> [Work instruction]:
Copy every entry below exactly as it appears, leaving out the images.

Web page caption snippets:
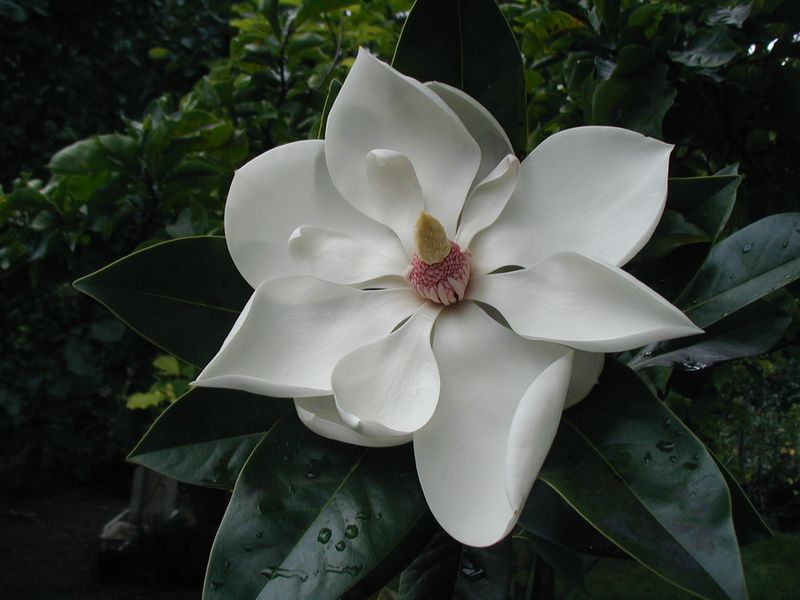 Magnolia 'Exotic Star'  - Leittrieb - 140cm  - Einzelstück
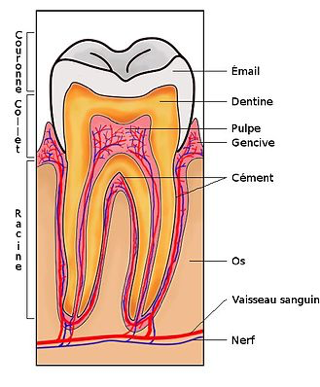 Greffe gingivale / Parodontie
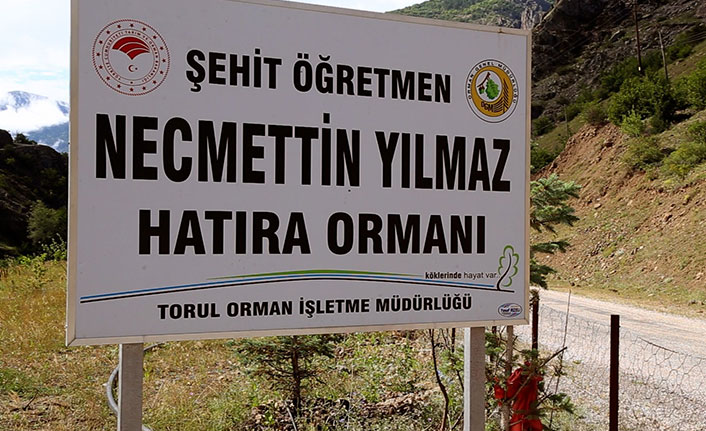 Şehit öğretmen için memleketi Gümüşhane'de hatıra ormanı yapıldı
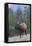 Rocky Mountain Bull Elk-Ken Archer-Framed Premier Image Canvas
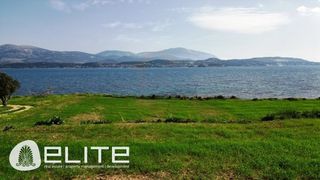 Αγροτεμάχια 7.965 τ.μ. για πώληση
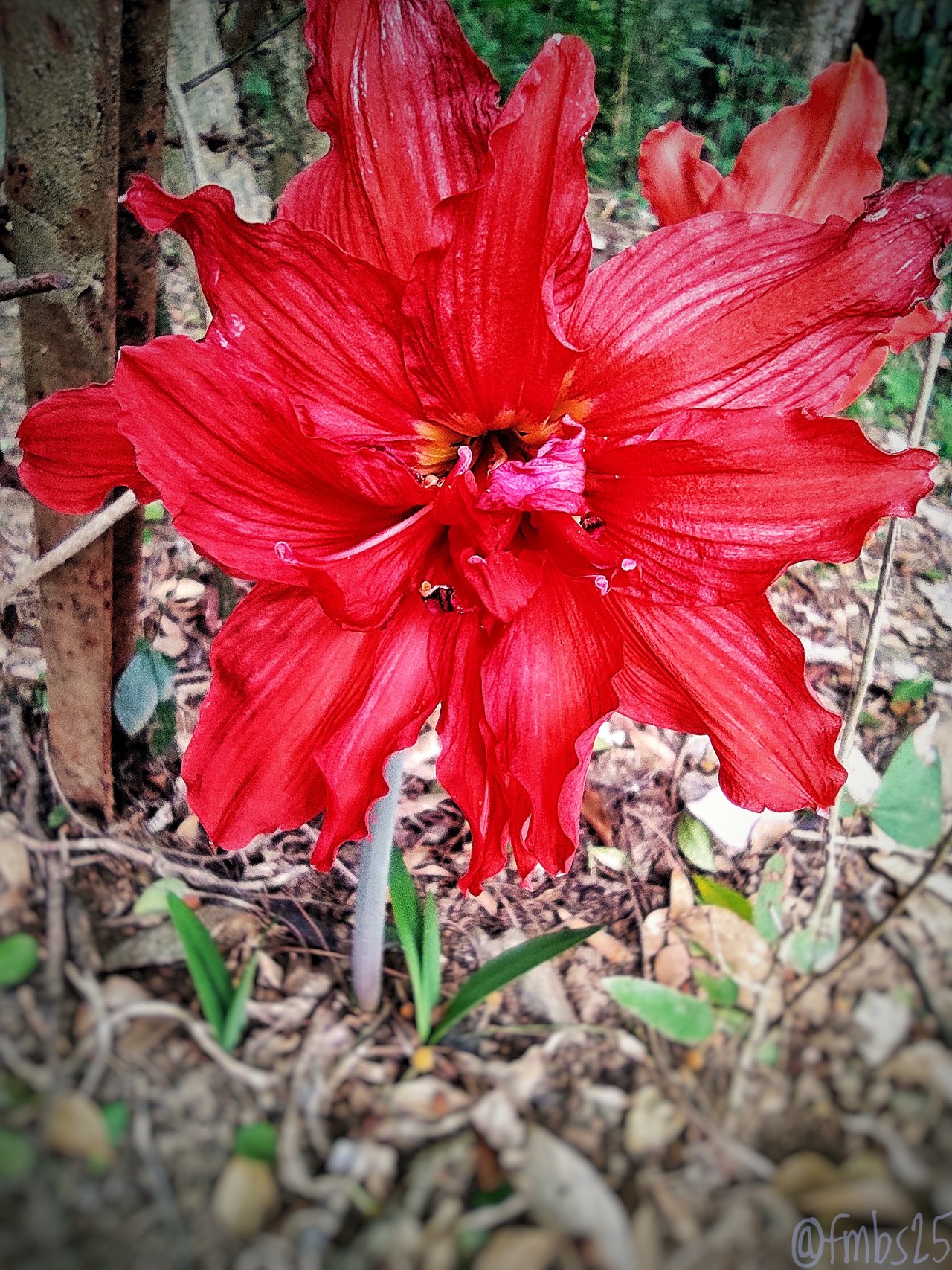 A Beautiful Lily by the Side of the Road - MyPictureDay Submission [EN] //  Un Hermoso Lirio a la Orilla del Camino [ES] | PeakD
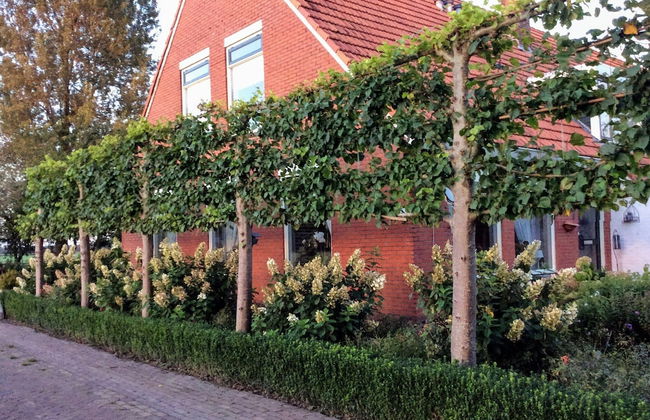 Holiday Home in Donkerbroek Near Forest Trails - Foto 30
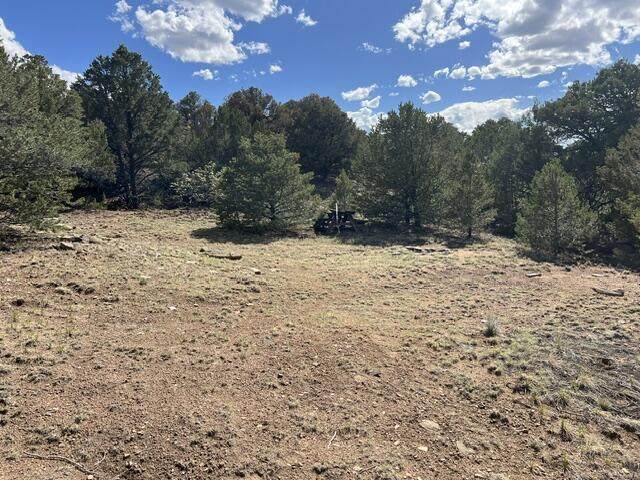https://bt-photos.global.ssl.fastly.net/spanishpeaks/orig_boomver_1_26-517-2.jpg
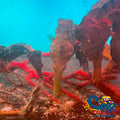 Erectus Seahorse (Aquacultured) Fish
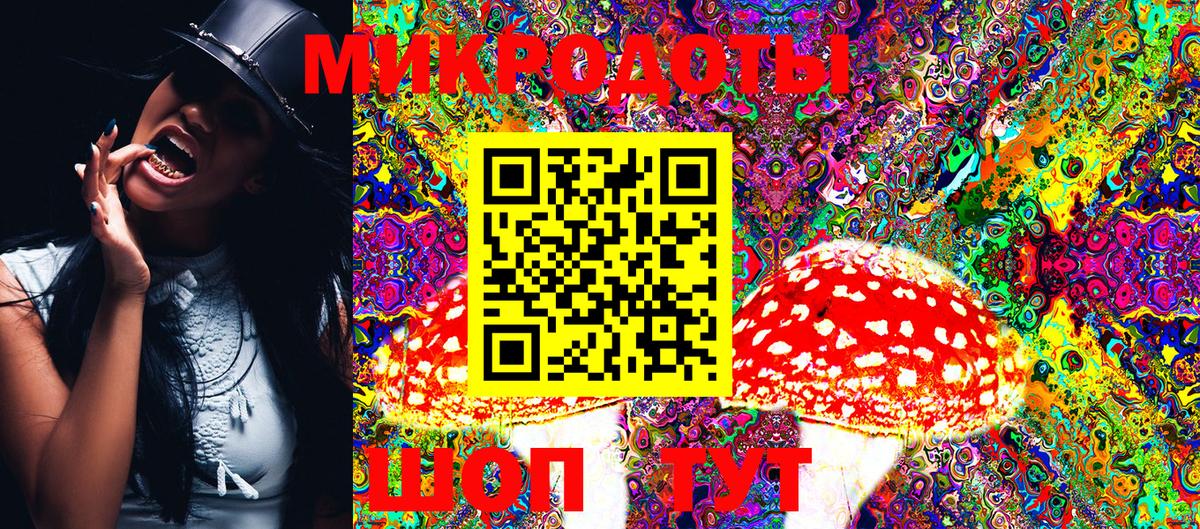 Псилоцибиновые грибы Psilocybine cubensis Моздок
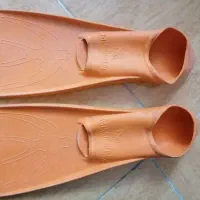 فین شنا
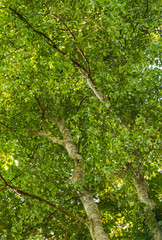 Thymelaeaceae tree raw material for making perfume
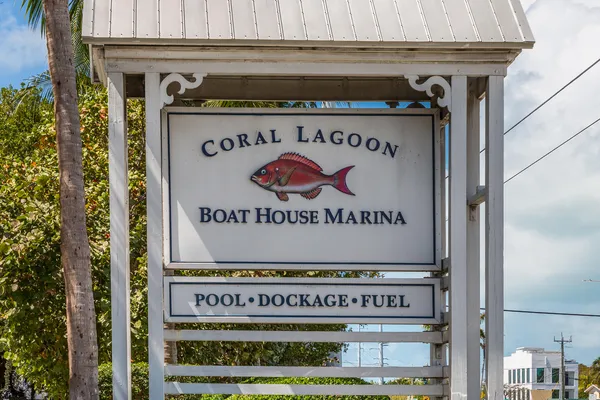 a view of a lake with a city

> [Response box]:
 Magnolia 'Exotic Star'  - Leittrieb - 140cm  - Einzelstück
 Greffe gingivale / Parodontie
 Şehit öğretmen için memleketi Gümüşhane'de hatıra ormanı yapıldı
 Rocky Mountain Bull Elk-Ken Archer-Framed Premier Image Canvas
 Αγροτεμάχια 7.965 τ.μ. για πώληση
 A Beautiful Lily by the Side of the Road - MyPictureDay Submission [EN] //  Un Hermoso Lirio a la Orilla del Camino [ES] | PeakD
 Holiday Home in Donkerbroek Near Forest Trails - Foto 30
https://bt-photos.global.ssl.fastly.net/spanishpeaks/orig_boomver_1_26-517-2.jpg
 Erectus Seahorse (Aquacultured) Fish
 Псилоцибиновые грибы Psilocybine cubensis Моздок
 فین شنا
 Thymelaeaceae tree raw material for making perfume
 a view of a lake with a city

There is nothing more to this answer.